To accomplish this, I wrapped my database connection in a custom db_con() function that checks if the app is running in development or production (using golem::app_prod() which in turn checks the R_CONFIG_ACTIVE environment variable) and connects to different databases in either case. In the development case, it creates an in-memory SQLite database and remakes the empty table.

(Another alternative to creating the database on-the-fly is to pre-make a SQLite database saved to a .sqlite file and connect to that. But for this example, my sample table is so simple, creating it manually takes a negligible amount of time and keeps things quite readable, so I left it as-is.)

db_con <- function(prod = golem::app_prod()) {
  if (prod) {
    con <- DBI::dbConnect(RPostgres::Postgres(),
                          host   = "",
                          dbname = "db",
                          user      = "db",
                          password  = Sys.getenv("DB_PASS"),
                          port     = 25060)
  } else {
    stopifnot( require("RSQLite", quietly = TRUE) )
    con <- DBI::dbConnect(SQLite(), ":memory:")
    df <- data.frame(x = 1, y = "a", z = as.Date("2022-01-01"))
    DBI::dbWriteTable(con, "my_data", df)

Managing connections

So, you’ve built a robust app that can run against a database locally or on your production server. Great! It’s time to share your application with the world. But what if it is so popular that you have a lot of concurrent users and they are all trying to work with the database at once?

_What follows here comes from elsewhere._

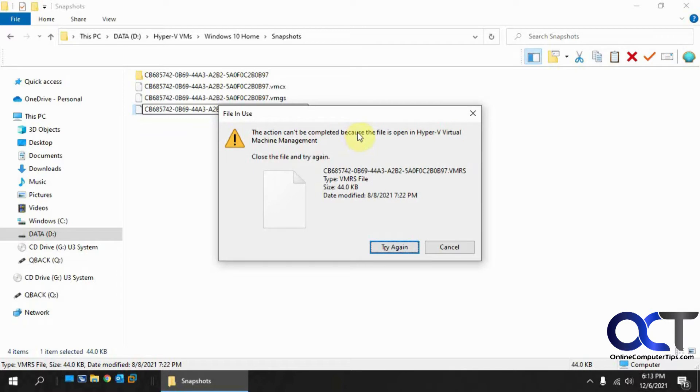Sometimes it might not even tell you what's opening the file. But if it does, and you have that program open, you could usually just close the program and then do what you need to do.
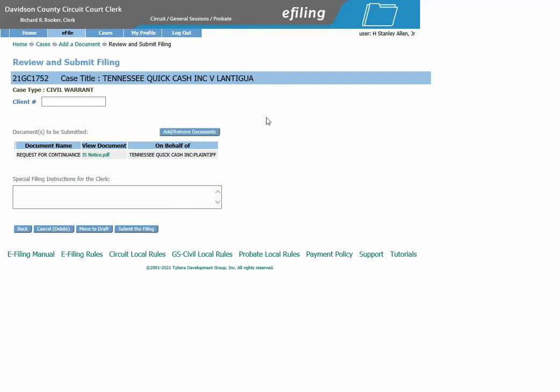After clicking Next, you will come to this screen, which is where you can submit the filing. If you have a client number that you associate this with, you may put it here. If you need to add or remove documents, you may click here. If you have any special filing instructions for the clerk, you may enter it here. If you are ready to submit the filing, click Submit the Filing.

To maintain good application performance, you have to be careful about managing the database connection objects that you create (with DBI::dbConnect()) and to close them when you are doing using them.

If this sounds manual and tedious, you’re in luck! The {pool} package adds a layer of abstraction to manage a set of connections and execute new queries to an available idle collection. Full examples are given on the package’s website, but in short {pool} is quite easy to implement due to it’s DBI-like syntax. You can replace DBI::dbConenct() with pool::dbPool() and proceed as usual!